• ASSIGNMENT: Your copy should begin with the line containing "the illuminated brandenburg", end with the line containing "Vintage Tee White", match the listing below exactly, and contain no pictures.

• INFORMATION PROVIDED:
:::::
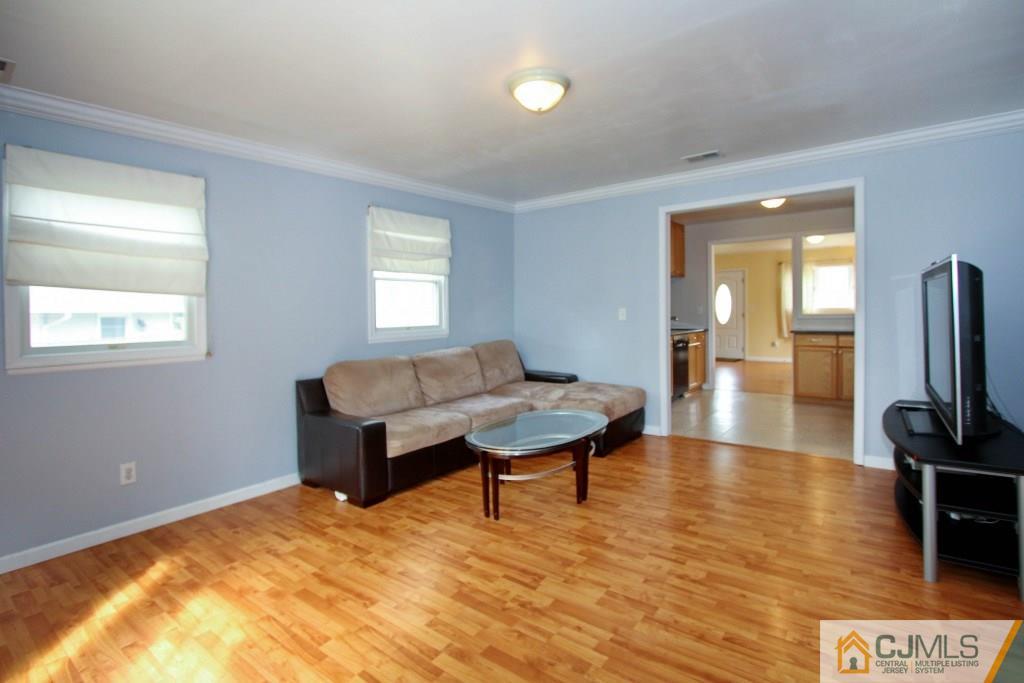 3 Markham Road Edison, NJ 08817 - Photo 11 of 23 a living room with furniture and a flat screen tv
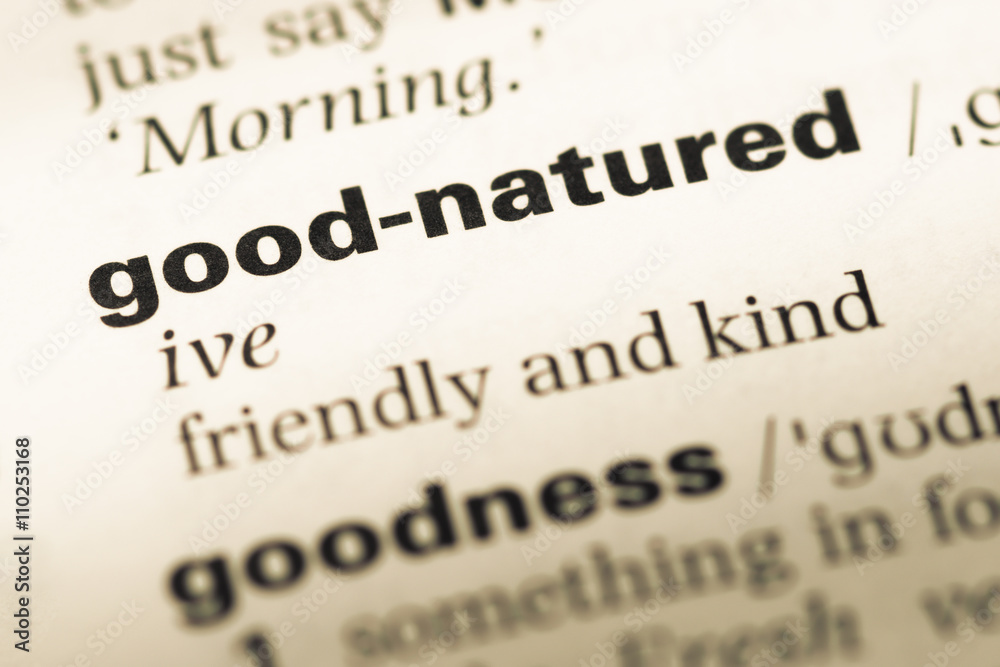 Close up of old English dictionary page with word good natured Close up of old English dictionary page with word good natured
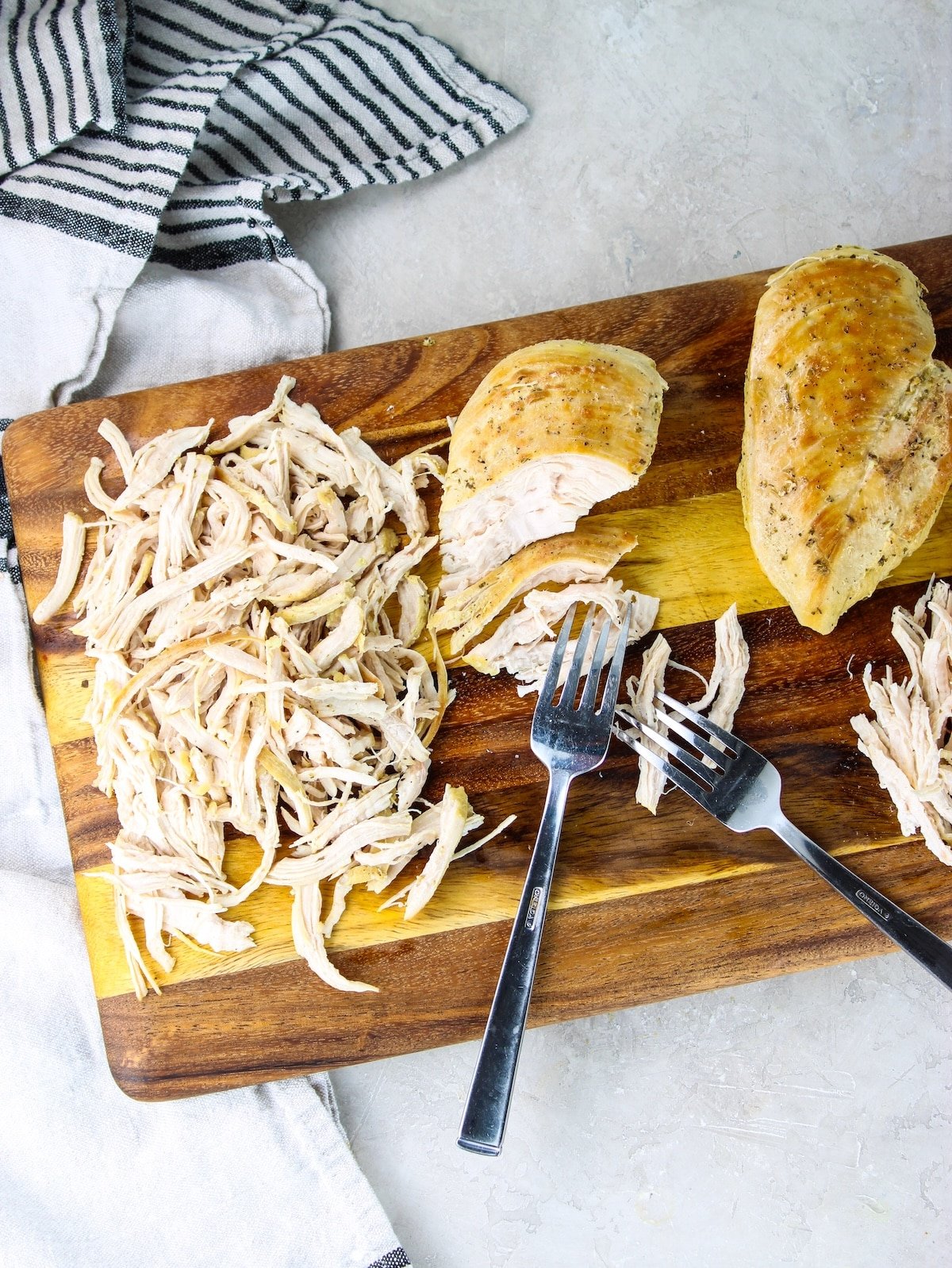 Boneless skinless chicken breasts on a cutting board being shredded with two forks.
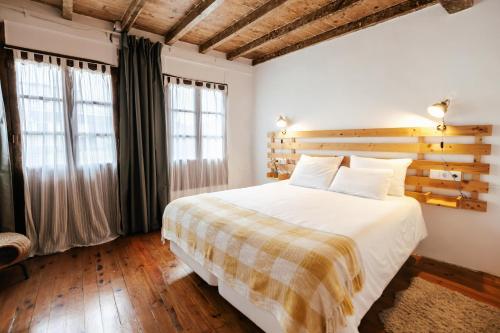 a bedroom with a large white bed and two windows at El rinconin del Sueve in San Martín
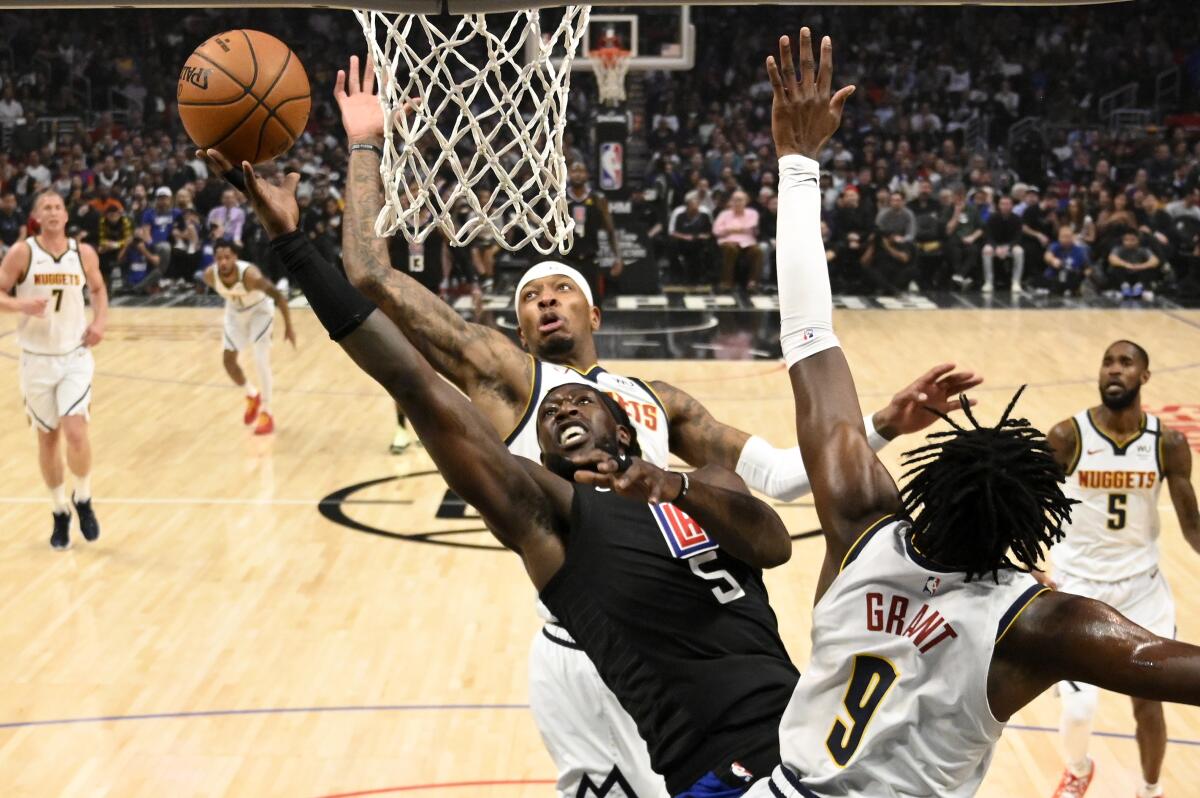 Clippers forward Montrezl Harrell (5) powers his way for a layup against Nuggets forwards Torrey Craig and Jerami Grant during the first half of a game Feb. 28, 2020, at Staples Center.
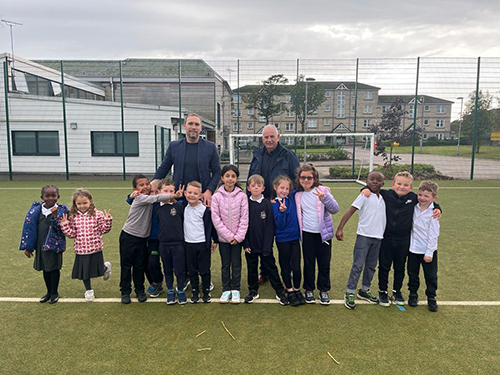 Russell and RAM Tubular Managing Director Jim Stewart pictured with pupils at Seaton Primary who attend the RAF after schools club there.
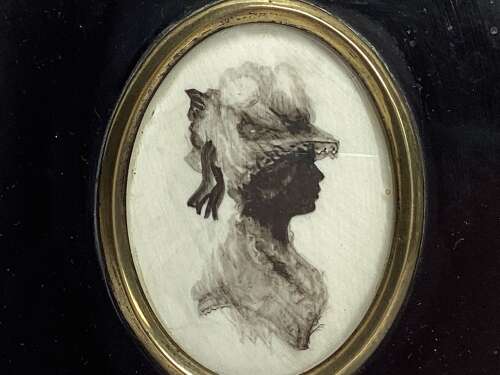 REGENCY PERIOD SILHOUETTE OF A LADY WEARING A HAT WITH RIBBONS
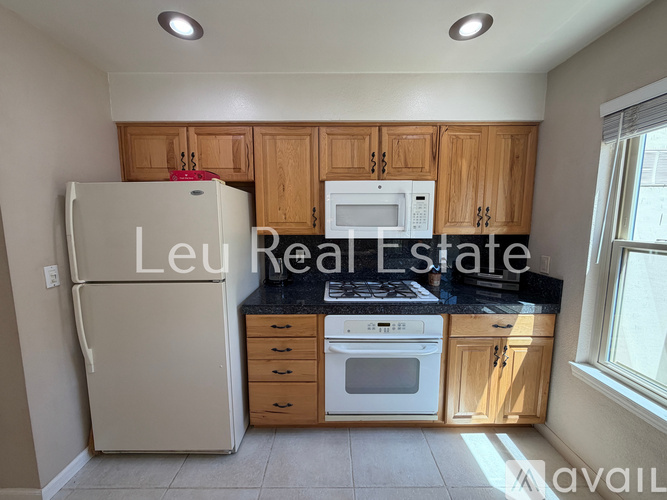 A kitchen with a refrigerator, microwave, oven, and cabinets.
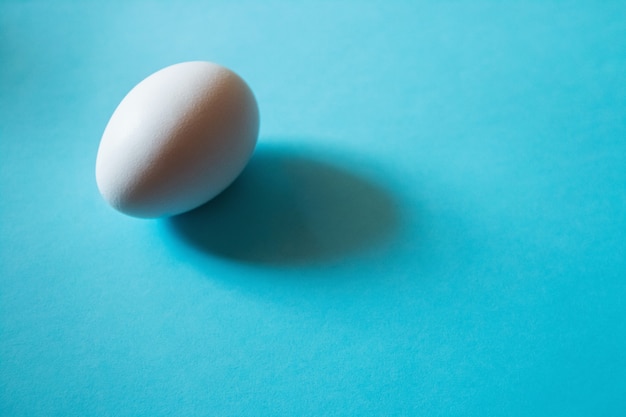 Un uovo bianco sul tavolo blu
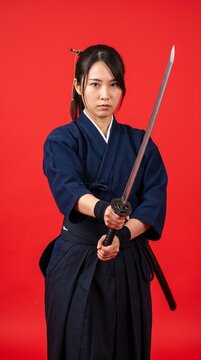 日本人女性の侍が刀を持って攻撃の構えをしている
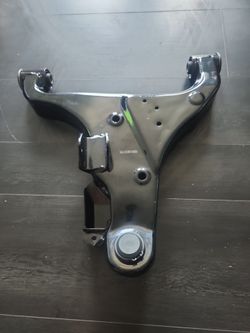black steel front lower control arm with integrated bushings and a ball joint housing,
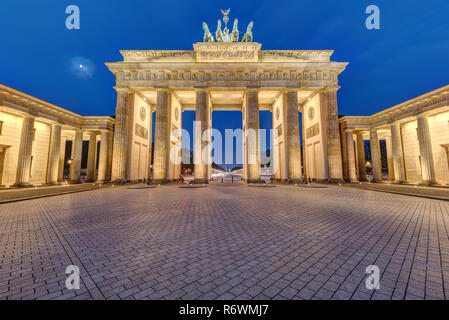 the illuminated brandenburg gate in berlin in the early morning Stock Photo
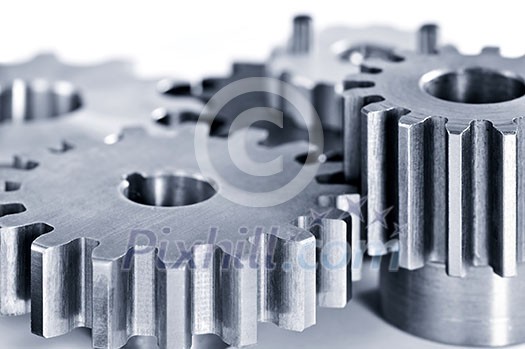 Interlocking industrial metal gears isolated on white Interlocking industrial metal gears isolated on white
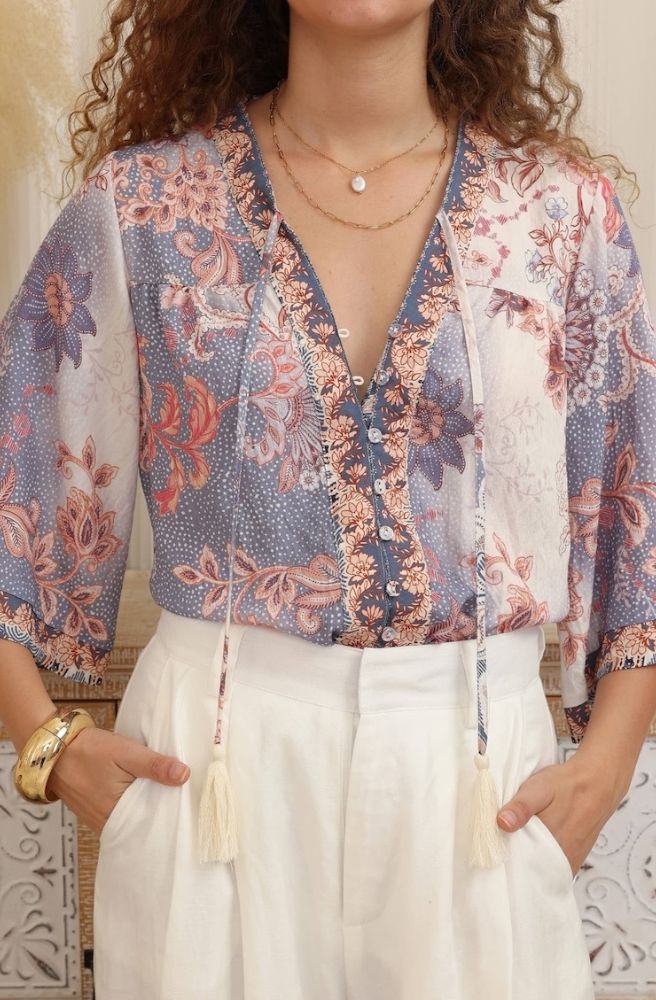 Relaxed floral blouse in lavender and blush tones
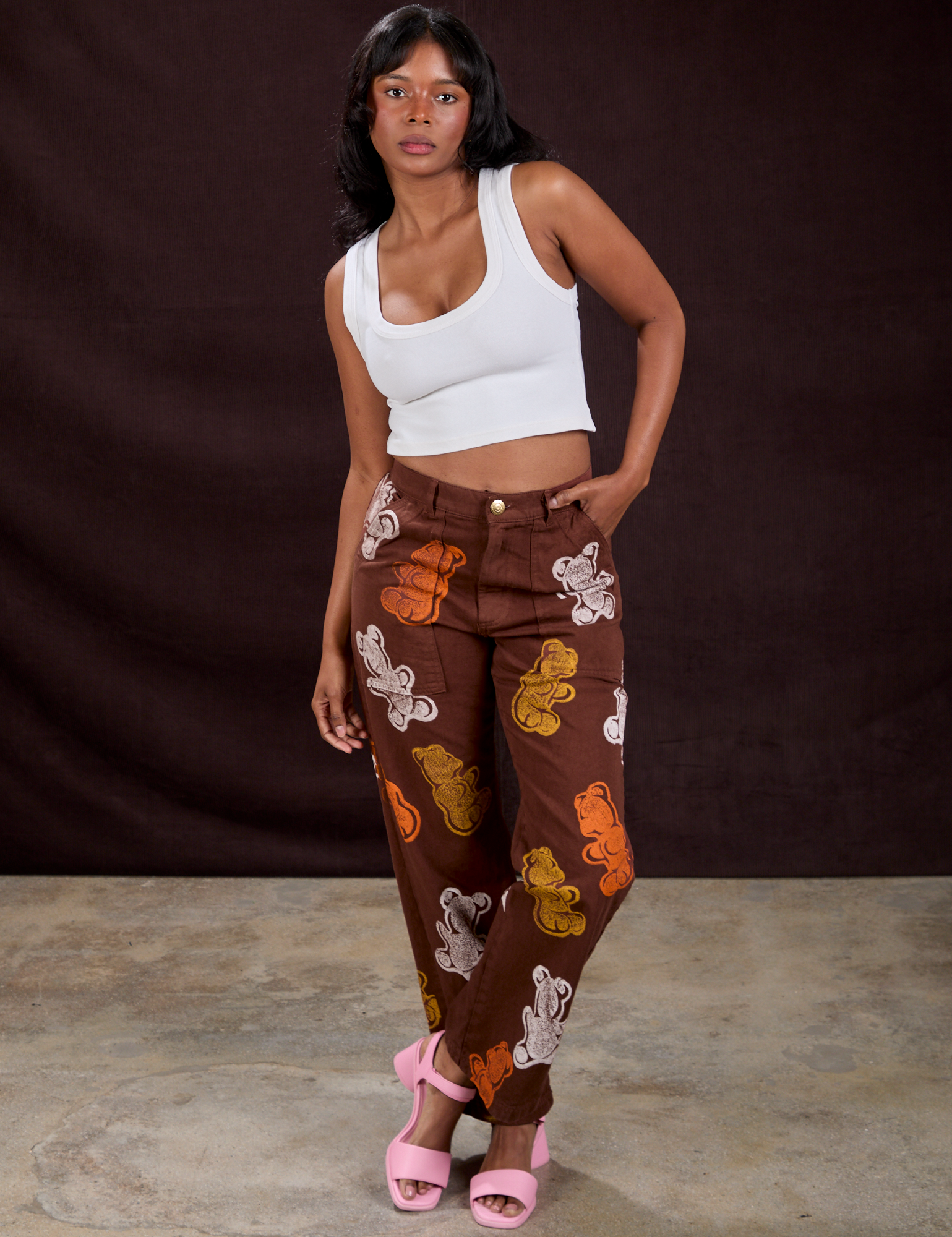 Kandia is 5'3" and wearing XS Gummy Bear Paintstamped Work Pants in Fudgesicle Brown paired with a Cropped Tank in Vintage Tee White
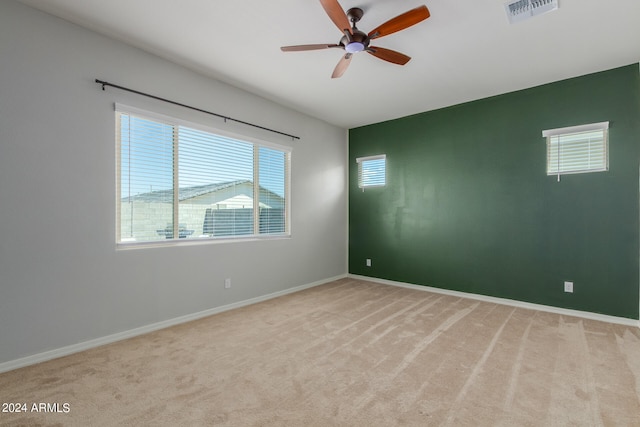 carpeted spare room featuring ceiling fan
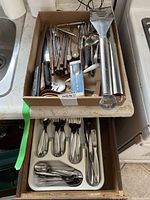 Cutlery pieces including spoons, forks, knives neatly placed in drawer organizer and kitchen utensils in box above.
:::::
• RESPONSE TO THIS EXERCISE:
 the illuminated brandenburg gate in berlin in the early morning Stock Photo
 Interlocking industrial metal gears isolated on white Interlocking industrial metal gears isolated on white
 Relaxed floral blouse in lavender and blush tones
 Kandia is 5'3" and wearing XS Gummy Bear Paintstamped Work Pants in Fudgesicle Brown paired with a Cropped Tank in Vintage Tee White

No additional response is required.